It's been well-said that the Germans have a word for everything; the Christian faith offers a Weltanshauung: a worldview, or way of making sense of reality. It is of course one of a number of worldviews that pupils will encounter as they navigate their way through an increasingly interconnected and global village. It is important to us that all pupils at KHS study the breadth of those traditions in their first three years with us, before they make up their minds about GCSE choices. In Theology classes they will study the Scriptures, doctrine and philosophy which undergird Christianity, alongside a wider understanding of the Western, Eastern and non-religious traditions. What encourages free-thinking debate is that they can't all be right! Instead of a fluffy mish-mash of ill-thought-out opinions, we want pupils to consider critically questions like: "What happens after death?" The Western Abrahamic faiths (including Judaism and Islam) see death as a prelude to another reality; the Eastern faiths (including Hinduism and Buddhism) see it as part of a cycle of reincarnation; the non-religious traditions would say (with Mr Keats of Dead Poets Society) that after death we are "food for worms". Theology is rightly called the Queen of the Sciences because there could hardly be more important questions than metaphysical ones; we want pupils to follow the argument wherever it leads, learn to understand how to evaluate evidence, and make up their own minds.

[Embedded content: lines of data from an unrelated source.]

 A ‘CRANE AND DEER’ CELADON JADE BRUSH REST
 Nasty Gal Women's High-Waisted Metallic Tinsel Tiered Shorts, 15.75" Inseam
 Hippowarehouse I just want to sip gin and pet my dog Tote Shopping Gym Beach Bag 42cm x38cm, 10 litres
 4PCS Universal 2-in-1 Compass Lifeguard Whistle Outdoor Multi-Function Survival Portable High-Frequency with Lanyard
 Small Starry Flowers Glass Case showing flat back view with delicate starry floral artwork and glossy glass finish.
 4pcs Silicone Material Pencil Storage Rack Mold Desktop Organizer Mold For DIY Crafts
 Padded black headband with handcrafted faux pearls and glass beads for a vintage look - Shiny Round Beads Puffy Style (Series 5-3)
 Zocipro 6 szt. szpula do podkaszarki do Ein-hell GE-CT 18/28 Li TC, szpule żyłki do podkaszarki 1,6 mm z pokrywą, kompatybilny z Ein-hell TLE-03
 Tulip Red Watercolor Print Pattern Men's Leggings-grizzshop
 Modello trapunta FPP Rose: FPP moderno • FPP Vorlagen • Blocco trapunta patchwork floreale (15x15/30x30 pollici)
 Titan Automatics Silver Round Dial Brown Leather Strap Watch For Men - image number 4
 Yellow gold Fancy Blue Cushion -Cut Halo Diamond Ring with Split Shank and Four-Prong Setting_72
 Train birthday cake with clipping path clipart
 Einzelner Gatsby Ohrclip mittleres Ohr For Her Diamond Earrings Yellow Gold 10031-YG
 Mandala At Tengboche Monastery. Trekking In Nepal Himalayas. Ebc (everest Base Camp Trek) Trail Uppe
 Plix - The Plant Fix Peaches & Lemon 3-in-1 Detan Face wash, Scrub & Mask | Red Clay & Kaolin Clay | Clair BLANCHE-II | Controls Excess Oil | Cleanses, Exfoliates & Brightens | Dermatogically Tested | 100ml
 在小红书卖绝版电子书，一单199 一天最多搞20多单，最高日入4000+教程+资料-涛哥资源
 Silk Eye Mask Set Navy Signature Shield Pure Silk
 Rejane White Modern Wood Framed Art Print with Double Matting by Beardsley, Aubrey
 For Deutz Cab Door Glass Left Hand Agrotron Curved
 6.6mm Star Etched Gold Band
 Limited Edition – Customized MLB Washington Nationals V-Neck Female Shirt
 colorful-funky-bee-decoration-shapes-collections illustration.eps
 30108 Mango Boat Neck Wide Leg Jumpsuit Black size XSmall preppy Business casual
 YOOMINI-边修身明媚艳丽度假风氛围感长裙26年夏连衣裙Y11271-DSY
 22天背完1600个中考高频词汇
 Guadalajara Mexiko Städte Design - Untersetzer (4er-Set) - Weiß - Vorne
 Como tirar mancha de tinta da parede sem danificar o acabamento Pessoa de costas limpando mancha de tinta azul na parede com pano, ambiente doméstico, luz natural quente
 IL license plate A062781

What is undeniable as a modern issue facing our children is a mental health crisis. So much of the research into why this is the case points the lack of a coherent worldview and an experience of real community: a sense of having no firm moorings in the world. At the most turbulent and insecure time of their lives, boys and girls are exhorted constantly to have high self-esteem and "pursue their dreams", all the while parading themselves for constant comparison in the goldfish bowl of social media. Little wonder, then, that rates of anxiety, depression and self-harm are at record levels. Here KHS unashamedly offers a living faith, and a community which lives it out. The focus for that is Chapel, and of course much of what we teach and encourage is hardly controversial, such as honesty, kindness and patience. In contrast to the more individualistic tenor of our own age, we also encourage humility: that we are guests of a larger reality. I would argue that this makes for better mental health, in whatever form it takes. We also encourage all pupils to feel that they belong, regardless of their convictions or lack of them, and Chapel is an important part of that. It should also be added that they will have a far better understanding of English literature and history, and British Values, alongside the glories of the musical traditions of this country, through encountering that living faith in action.
There will be, of course, Christian teaching that jars with the zeitgeist our pupils encounter online and elsewhere. For this reason we think it very important that there is a weekly forum called Right To Reply. Every Friday the Headmaster offers himself up to the lions' den of pupil Q&A on aspects of the daily assemblies they wish to interrogate and question! It is one of the most enjoyable parts of my job, and I love the free interplay of ideas that results. The current President of our Octagon Society has been a regular attendee for a long time; he has just won a place at Oxford, and disagrees almost entirely with practically everything I think! In an age where it has become sadly necessary for government to intervene to protect free speech at universities, I think that is a healthy sign of our own vitality as an academic community.
The Founder of the School wanted all pupils who came to KHS to evaluate the claims of Jesus Christ for themselves, and make up their own minds. There could hardly have been a more important historical figure, in terms of influence, and so any education would be impoverished without that consideration. One of those claims was the inspiration of the Hebrew scriptures, which teach that every human being is made in the divine image, and thus of worth and meaning. At KHS, we think there could not be a better basis for the idea that human beings have rights, that their thoughts have real meaning, and that we were made for relationships that reflect that. A fertile ground for free-thinking indeed!